Tonight’s gig was a charity event organised by Jess Hall to raise money for Christian Aid. She is also running the London Marathon. You can find out more and make a donation here.
To start off the night, Dan Rawle performed a mixture of light-hearted and emotional songs to a largely empty room. It wasn’t really my sort of thing, but I’ve got mad respect for anyone who can stand up and play to only a few people. He did a good job of warming up the room and, as usual, his mates and colleagues from PMT (Oxford’s largest music shop) heckled throughout (they’re all nice chaps)!
Next up was Matt Chanarin.

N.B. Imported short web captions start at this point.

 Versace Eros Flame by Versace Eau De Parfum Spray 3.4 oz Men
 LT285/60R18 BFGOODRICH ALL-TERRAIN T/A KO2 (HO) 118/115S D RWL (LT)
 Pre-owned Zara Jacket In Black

He had a strong voice and his lovely acoustic hand-tone and dirty, jazzy fills were fantastic. The only thing that really detracted from his performance was his affected Jamaican lilt.
My Crooked Teeth, solo project of Toliesel frontman Jack Olchawski, was next. I really enjoyed the way he attacked his guitar, but I felt that some of the songs would sound better with a band. Vocally powerful and lively onstage, Jack’s was the best performance so far.

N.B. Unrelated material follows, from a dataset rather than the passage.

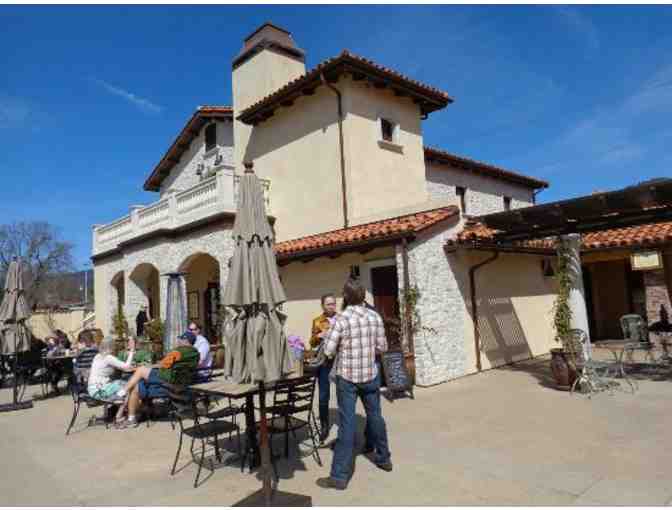 4 Person Reservation Tasting Certificate for VJB Vineyards & Cellars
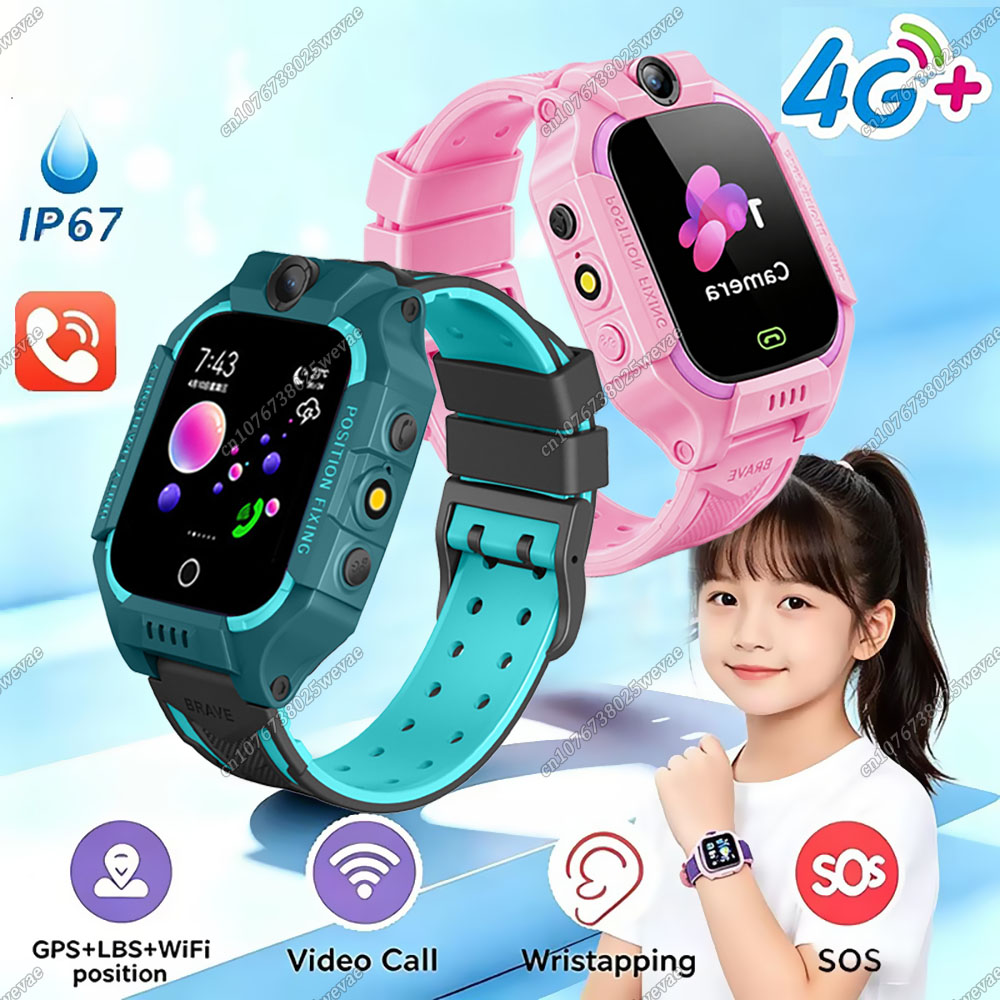 Smartwatch Watches For Kid Boy With Gps - Nowy smartwatch dla dzieci 5G z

A band who have garnered a decent local following in recent months is Empty White Circles. Their particular brand of soft Americana has been described as parent-friendly, and I would largely agree. As well as being the band’s other main songwriter, Sean Duggan is their poster boy; his adoring fan club were out in force. Also of note was a surprising cameo from Jeff Wode’s lead guitarist. His gyrations and searing noise solos made for quite a spectacle.
Bethany Weimers had a kind of sexy, intense PJ Harvey thing going on. Her performance was quite unsettling, but the songs, particularly those later in the set, were solid.
My least favourite of tonight’s offerings were The Cooling Pearls. It’s still pretty unusual to see a girl playing in a band, so it was nice to see a lady violinist up on the stage. They had some nice arrangements but they were sadly let down by some uninspiring vocals.
Up next was Jess Hall. Again, not really my cup of tea, but she had a great voice and some nice songs. Impressively, she managed to silence the now-crowded room with an a capella traditional folk ballad. Her love of folk was also reflected in her choice of this evening’s acts, all of whom were of a folky bent.
Family Machine’s creative use of a Korg Kaos Pad, a weird electric glockenspiel instrument, tight basslines, solid drumming and spot-on harmonies made their performance the best of the night. They were fucking great.